Beim mühseligen Haushaltskompromiss der Ampel-Parteien kam „die größte Sozialreform“ auf Drängen der FDP nicht ungeschoren davon, obwohl die Freien Demokraten Heils Wunderwerk mitgetragen hatten. Doch hatte die Regierung schon vor einiger Zeit erkennen müssen, dass es offenbar bei Menschen ohne Beschäftigung die Neigung gibt, das Bürgergeld als etwas zu verstehen, das jedem Bürger zusteht. Deshalb wurden kürzlich die Sanktionsmöglichkeiten für die verschärft, die vom Staat gefördert, aber nicht gefordert werden wollten.

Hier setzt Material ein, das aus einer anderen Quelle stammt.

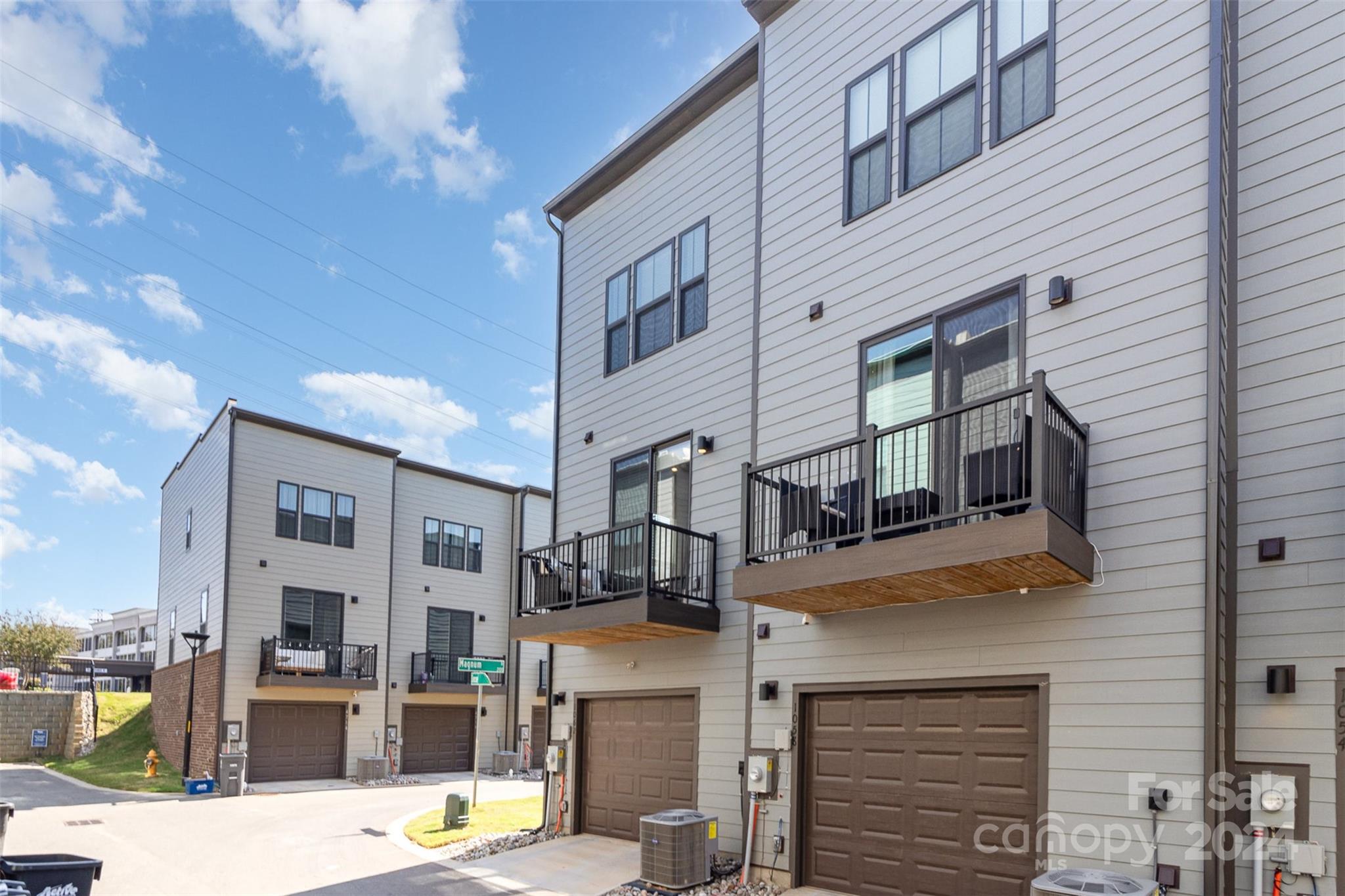 1062 Simcoe Lane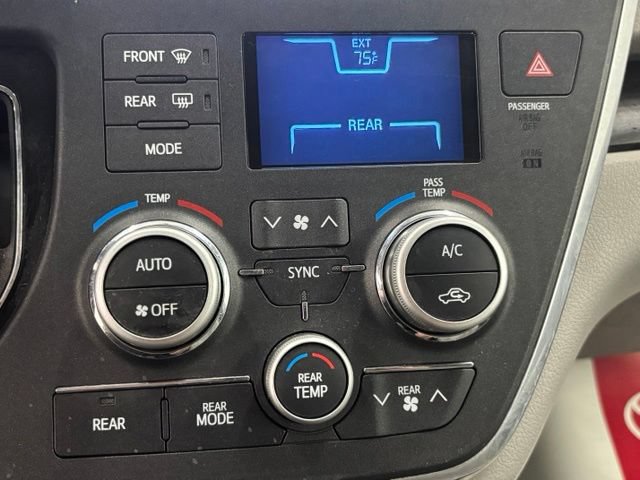 Used 2015 Toyota Sienna XLE w/ XLE Navigation Package FWD image 32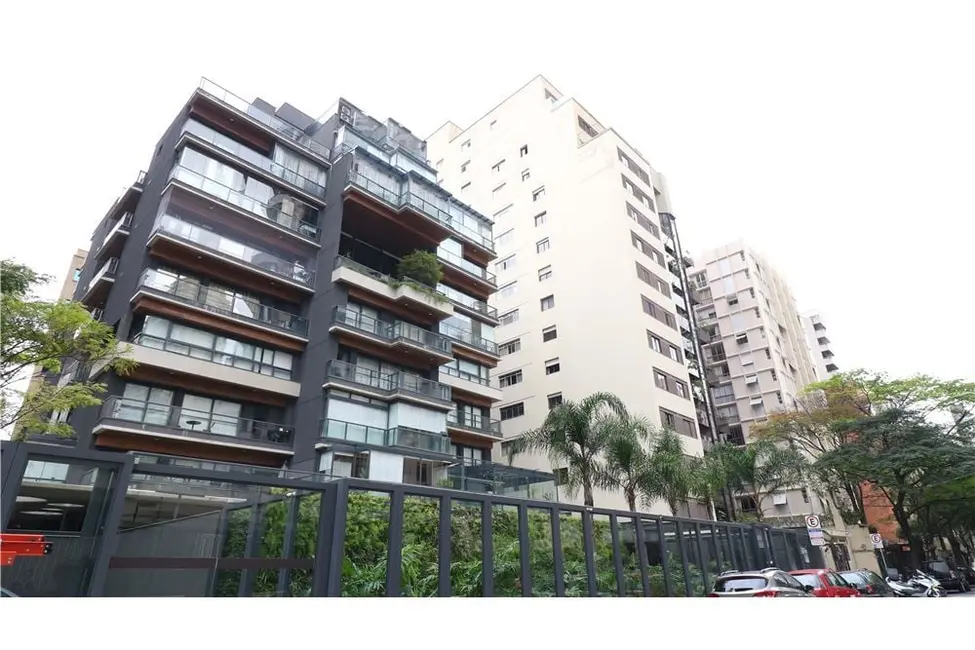 Foto 2 de Apartamento com 2 quartos à venda, 112m2 em Itaim Bibi, São Paulo - SP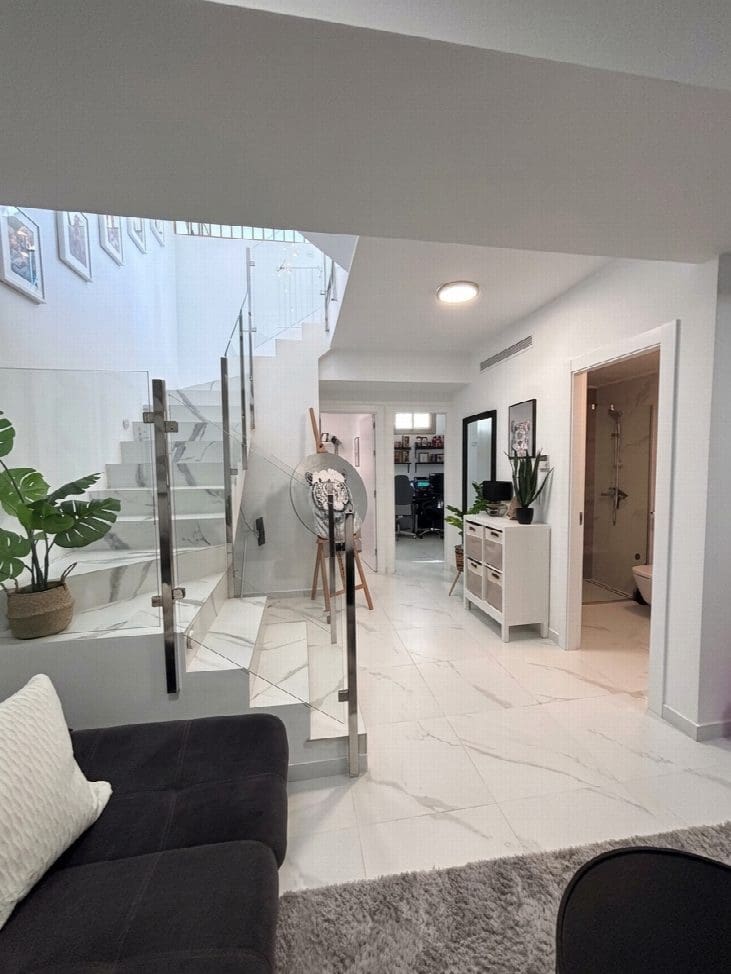 5 bedroom Villa for sale in Orihuela with pool garage - € 595,000 (Ref: 10050951)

Jetzt soll das Bürgergeld abermals verändert werden. Heil spricht beschönigend von einem „Nachsteuern“. Wobei man nicht nachsteuern müsste, wenn man sich nicht von Anfang an der Illusion hingegeben hätte, alle Kunden der Jobcenter hätten nur eines im Sinn: ganz schnell einen Job zu bekommen, ganz gleich, in welcher Branche und zu welcher Entlohnung.

Es soll wieder mehr gefordert werden

Weil Wunsch und Wirklichkeit nicht immer deckungsgleich sind, muss Heil das Bürgergeld so „nachjustieren“. Es soll wieder mehr gefordert werden: schärfere Sanktionen für alle, die Termine beim Jobcenter nicht wahrnehmen oder Jobs nicht annehmen, Sanktionen bei Schwarzarbeit, das sogenannte Schonvermögen muss schneller als bisher angetastet werden, um die Staatskasse zu entlasten, auch gilt ein Arbeitsweg von bis zu drei Stunden (hin und zurück) künftig für Transferleistungsempfänger als zumutbar.

Was Bundeskanzler Olaf Scholz (SPD), Wirtschaftsminister Robert Habeck (Grün) und Finanzminister Christian Lindner (FDP) jetzt ausgehandelt haben, stößt, wie nicht anders zu erwarten, bei SPD und Grünen auf Widerspruch. SPD-Generalsekretär Kevin Kühnert wendet sich gegen die Annahme, „da säßen Hunderttausende faule Leute im Bürgergeld, die alles dafür tun, um nicht arbeiten gehen zu müssen.“ Das sei „fachlich einfach nicht richtig“. Wobei er offenbar den Spitzen der rot-grün-gelben Koalition unterstellt, sie ließen sich von falschen Annahmen leiten.

Die stellvertretende Fraktionsvorsitzende der SPD, Dagmar Schmidt, stieß in dasselbe Horn. Das Bürgergeld werde „inzwischen überwiegend populistisch diskutiert“. Die Fraktion werde die „tatsächlichen Arbeitsmarkteffekte“ der Beschlüsse prüfen. Aus der Grünen-Fraktion äußerte Beate Müller-Gemmeke Bedenken: „Das sind alles Maßnahmen, die uns bei der Integration in Arbeit kein bisschen weiterhelfen.“ Kühnert hatte immerhin einen Alternativvorschlag. Er warb im ZDF dafür, den Mindestlohn auf 14 oder 15 Euro zu erhöhen. „Das wäre eine wirkliche Einsparung beim Bürgergeld.“ Das könnte man so interpretieren, dass mehr Bürgergeldbezieher ohne Ausbildung und ohne besondere Kenntnisse arbeiten würden, wenn der Mindestlohn höher wäre als die derzeitigen 12,41 Euro. Was wiederum eine Bestätigung der These wäre, dass es eben doch Leistungsempfänger gibt, denen der Abstand zwischen Bürgergeld und dem erreichbaren Nettolohn zu gering ist, um sich täglich auf den Weg zur Arbeit zu machen.

So ist das eben mit der größten Sozialreform seit 20 Jahren. Innerhalb von nicht einmal 2 Jahren muss sie zum zweiten Mal korrigiert werden. Falls SPD und Grüne mitmachen, was die Ampel-Spitzen vereinbart haben, geht es nicht um ein paar kleine Änderungen. Das Bürgergeld würde dann „Hartz IV“ immer ähnlicher. Wenn die Ampel ehrlich sein will, gibt es nur eines: die Umbenennung des „nachgesteuerten“ Bürgergelds in „Hartz V“.